Pham admits selling alcohol to teen in LPD sting

JEFFERSON COUNTY  – A Westminster man Tuesday admitted he sold alcohol to a teen-ager at a Lakewood liquor store while he was on probation for a similar offense   and will be sentenced next month.

Van Thien Pham

Van Thien Pham

Van Thien Pham, 47, entered a guilty plea to charges stemming from an April Lakewood Police sting during which Pham beer to a member of the LPD’s Explorer post who was working undercover.

Despite being on probation for the earlier offense, which contributed to a fatal accident in 2007, Pham was working at Alameda Square Liquors on April 14, 2010 when he sold the LPD Explorer a 24-ounce bottle of Corona beer without asking for identification.  Tunder the terms of his probation, Pham was barred from working at any liquor store.

Pham last week admitted he violated his parole stemming from the 2007 charges.

Pham was worked at Alameda Square Discount Liquors, 12792 W. Alameda Parkway, which is owned by his wife. The store closed in May after the city secured a summary suspension of the store’s license. Rather than fighting to overturn the suspension, Pham’s  wife agreed to surrender the store’s liquor license.

Pham remains in the Jefferson County Jail in lieu of $25,000 bond.

Pham was working at the same store the night of March 13, 2007, when he sold liquor to another under-aged teen, with lethal consequences.

The teen and his friends drank the alcohol and, later that night, the driver of their car caused a two-car collision that claimed the life of 17-year-old Samara Stricklen and injured 20-year-old Seth Mutschler.

Pham was indicted by the District Attorney’s Office in June 2007 on ten counts of Unlawfully Providing Alcohol to a Minor.  During the course of the grand jury investigation, prosecutors learned that March 13, 2007 was not the only time Pham had sold liquor to minors and that he previously sold liquor to the same teen that made the purchase on the night of the collision on Green Mountain.

The driver of the car, 17-year-old Nanette LaFleur, later was sentenced to four years in a youth-offender facility in Pueblo as part of a suspended 12-year sentence.
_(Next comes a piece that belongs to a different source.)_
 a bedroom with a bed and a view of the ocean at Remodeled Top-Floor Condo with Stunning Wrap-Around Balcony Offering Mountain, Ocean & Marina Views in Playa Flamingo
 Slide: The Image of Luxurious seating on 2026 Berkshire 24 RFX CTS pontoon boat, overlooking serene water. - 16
LaFluer pleaded guilty to vehicular homicide while driving under the influence of drugs and alcohol and vehicular assault-DUI.
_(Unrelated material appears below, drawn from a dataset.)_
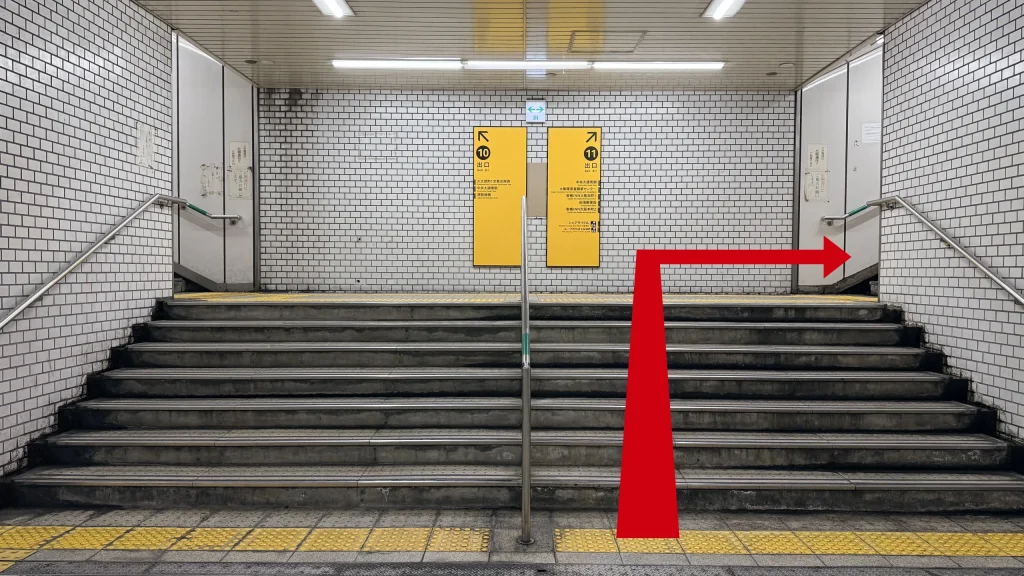 10番出口と11番出口に分かれる階段の正面。右側の11番出口を指す赤い矢印。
LaFleur initially claimed to have been a passenger in the accident that killed Stricklen, but investigators later found she had been driving.

Pham was indicted on 10 misdemeanor counts of selling alcohol to minors and was sentenced to two years in jail and four years probation in addition to community service after he entered a guilty plea to the charges in 2008. The judge also prohibited Pham from working in a liquor store as a condition of his probation.

During that trial, prosecutors revealed Pham previously had sold alcohol to minors, including the same teen who bought alcohol the night Stricklen was killed in the collision at West Alameda Avenue and Florida Street in Lakewood’s Green Mountain area.

“Working in a liquor store and the illegal sale of liquor are both in violation of Pham’s probation,” according to a spokeswoman for the District Attorney’s Office, which filed the petition to revoke Pham’s probation.

Pham will be sentenced in the parole revocation July 19.